National Workshop-Cum-Conference on Recent Trends in Mathematics and Computing 2011 |
Foundation of Computer Science USA |
RTMC - Number 5 |
May 2012 |
Authors: Rajni Mehta, Upasana |
c5e89816-be46-4548-8a71-c3feb70e4fd6 |
Rajni Mehta, Upasana . InfoHRDS: Information Domain Linked With Hypertext Resource Discovery System. National Workshop-Cum-Conference on Recent Trends in Mathematics and Computing 2011. RTMC, 5 (May 2012), 1-5.

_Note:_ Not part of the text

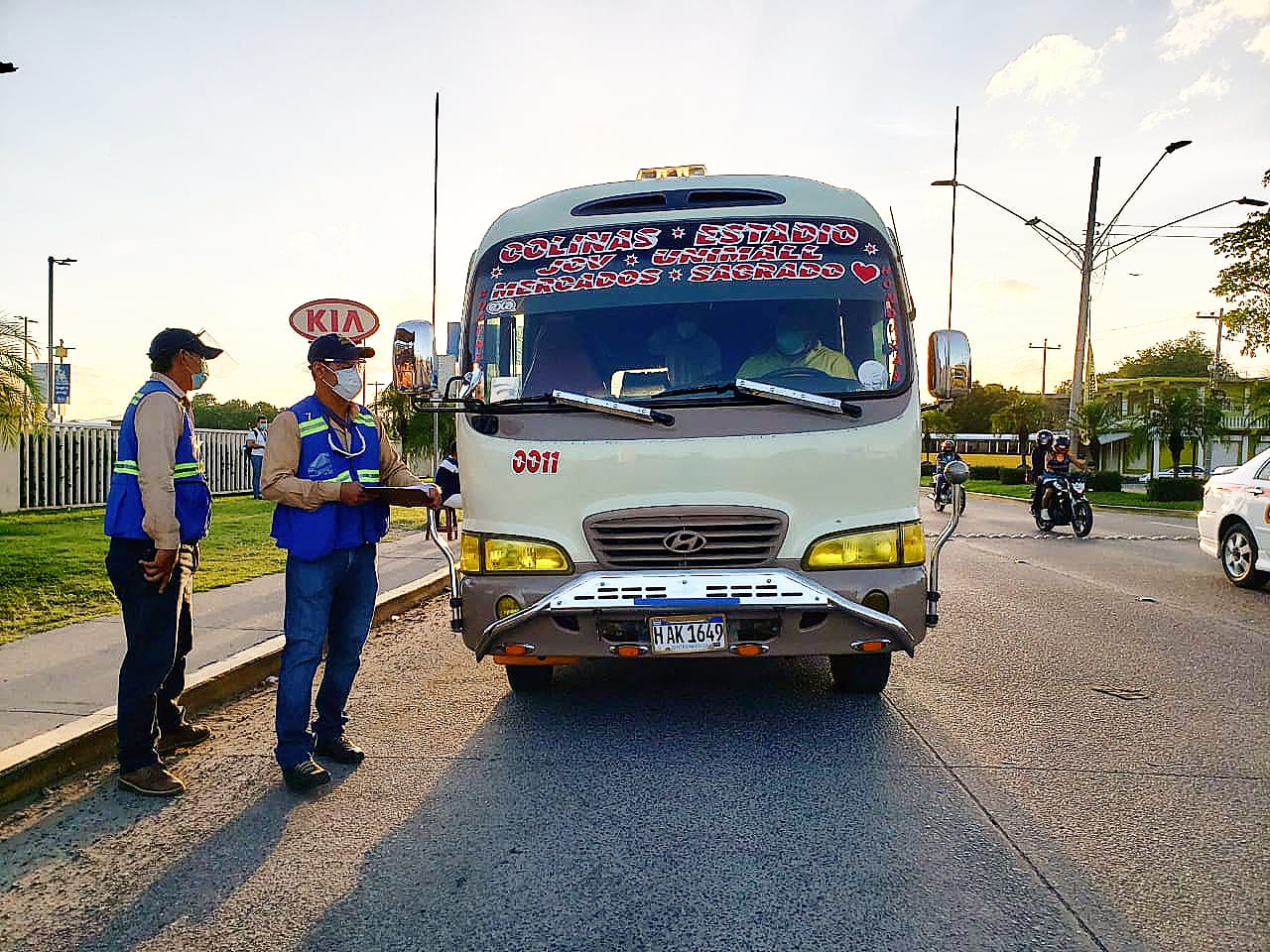 Choluteca y Siguatepeque los primeros municipios en reactivar mediante el pilotaje el servicio de transporte urbano Choluteca y Siguatepeque los primeros municipios en reactivar mediante el pilotaje el servicio de transporte urbano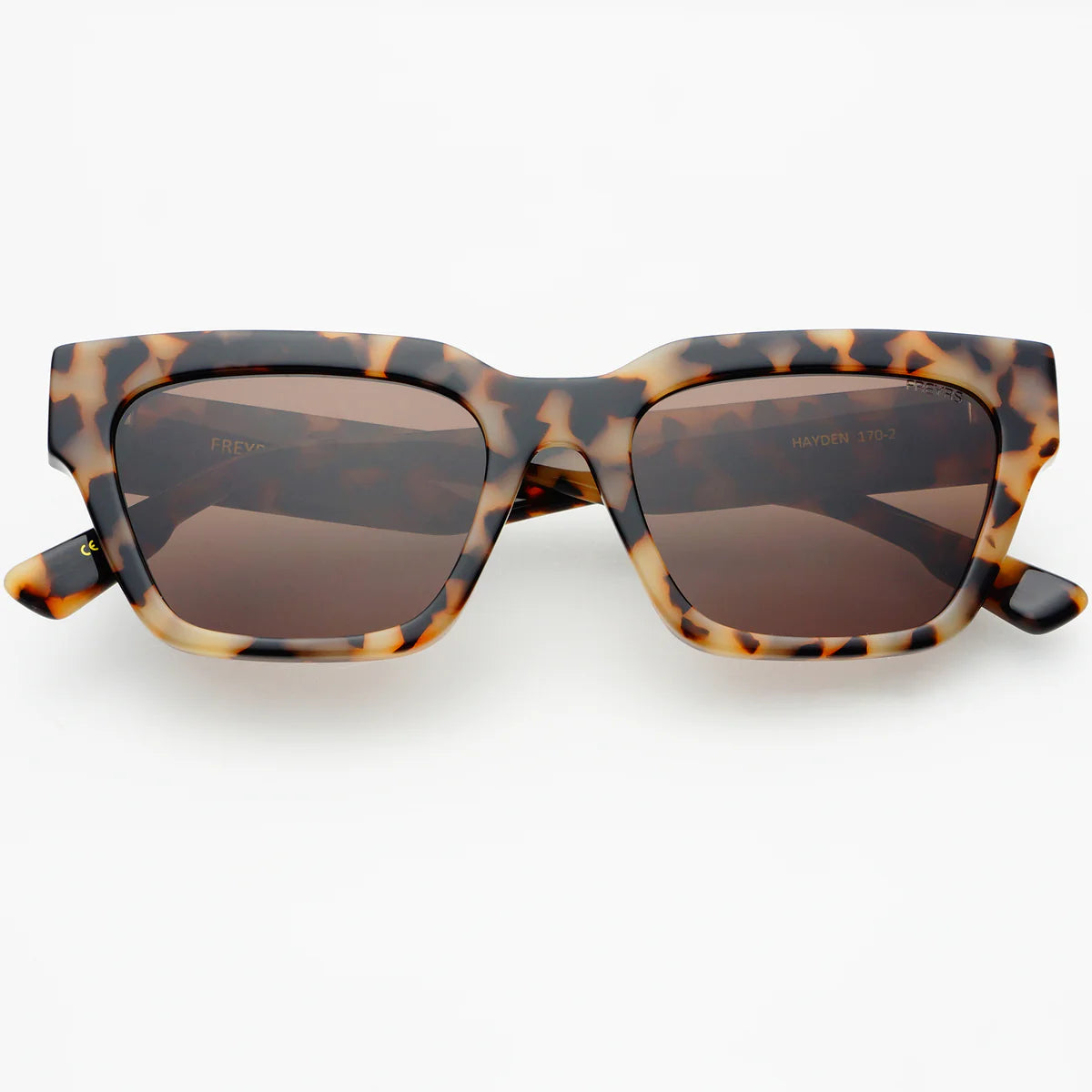 Sunglasses- Hayden Milky Tortoise (170-2)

The world wide web is a system of interlinked hypertext documents contained on the Internet, these web page may contain text, images, videos, and other multimedia and navigate between them by using hyperlink. About million new pages go online each day. It is impossible for major search engines to update their collections to meet such rapid growth. Web mining is the application of data mining techniques to extract knowledge from web data, including web documents, hyperlinks between documents. To address the above problems, domain-specific search engines were introduced, which keep their Web collections for one or several related domains. Focused crawlers were used by the domain-specific search engines to selectively retrieve Web pages relevant to particular domains to build special Web collections, which have smaller size and provide search results with high precision. In this paper, we are introducing a global focused crawling approach which is beneficial in extracting more relevant data.